I arrived at the federal building early, smoked a cigarette outdoors, scrubbed my hands in the ladies’ room, shpritzed breath spray in my mouth, and took the elevator to the unmarked conference room to which I’d been directed. I knocked firmly. A man who introduced himself as Carl opened the door and shook my hand. He was about my age, and he wore a dark, baggy suit and sunglasses. I had brought my sunglasses, just in case, and when I saw that he was wearing his although we were indoors, I put mine on too. We sat down at the conference table, straining to see each other.

Carl warned me again that he was about to ask me some tough questions. “Ready?” he asked.

“I’m ready.”

He began by asking me if I knew the name of the prime minister of Canada. By luck, I had read an article about Canada just that morning on the subway.

“Jean Chrétien,” I replied, relieved that I knew.

“Good. Amazing how few people know that.”

“Really? That’s too bad. You know, Canada is the United States’ number one trade partner, too.”

He peered at me curiously, and I worried that I might have sounded overly eager to impress, too academic. I tried to look serious and alert, like the case officers in the photo on the website.

He asked me a few more questions about world leaders and geography. Who were the permanent members of the U.N. Security Council? Which former Soviet republics had nuclear weapons? I knew the answers and felt pleased with myself for knowing. He made notes that he shielded from my view, but when he set the pad down, I could see that he was filling out a form. He had placed all his check marks on one side of a ledger.

“Okay,” he said. “I’m going to tell you about a hypothetical situation. There are no right or wrong answers—I’m just trying to get a sense of how you think. Okay?”

“Fine.”

“Let’s imagine you’re working for us in Nigeria. You’ve just arrived, it’s your first assignment, and you’re undercover as the agriculture guy from the USDA. That’s someone really low on the diplomatic totem pole, by the way. And the first thing the Chief of Station tells you is that he’s really glad you’re there, because they have no one in the station who’s deep enough below the local radar to meet a really sensitive asset—the Nigerian foreign secretary. So you’re going to be the one who meets him. Okay?”

“I get it.”

“So you drive out to pick up this guy, out on the edge of town, right?”

“Right.”

“And everything goes fine—he gives you the intel and you give him the money, and you’re driving him back, right?”

“Right.”

“And then, you’re out on the edge of town, and all of a sudden a dog runs in front of your car. And—splat!—you hit the dog.” He smacked his right fist into his left palm.

“Splat.” I nodded.

“Yeah, you hit the dog—splat! And an angry mob of villagers runs up and starts pounding on the window of your car. Kids, teenagers. And they’re screaming and pounding and the foreign secretary is terrified. He’s all pale.”
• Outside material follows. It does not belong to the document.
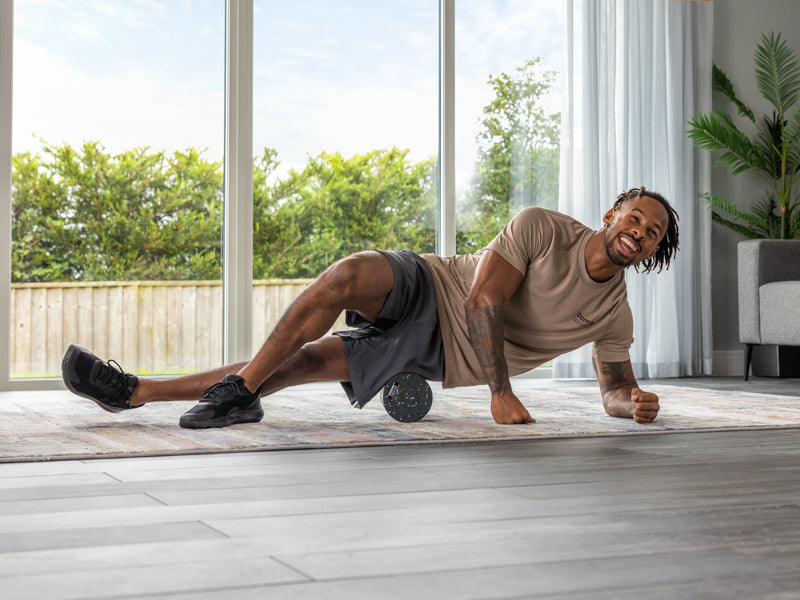 Man rolling his thigh on a Core Balance massage roller.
“He’s Nigerian?” I was suddenly worried I’d misunderstood something.

“Well, it’s all relative. He’s not looking so good.”

“Okay.”

“So what do you do?”

“What do I do?”

“Yes. What do you do?”

I thought for a few seconds. What the hell would I do? Cry? I asked: “Is there any plausible reason for me to be out with this guy?”

“Not at all. The Nigerian foreign secretary, some junior American agriculture officer—there couldn’t be any plausible reason.”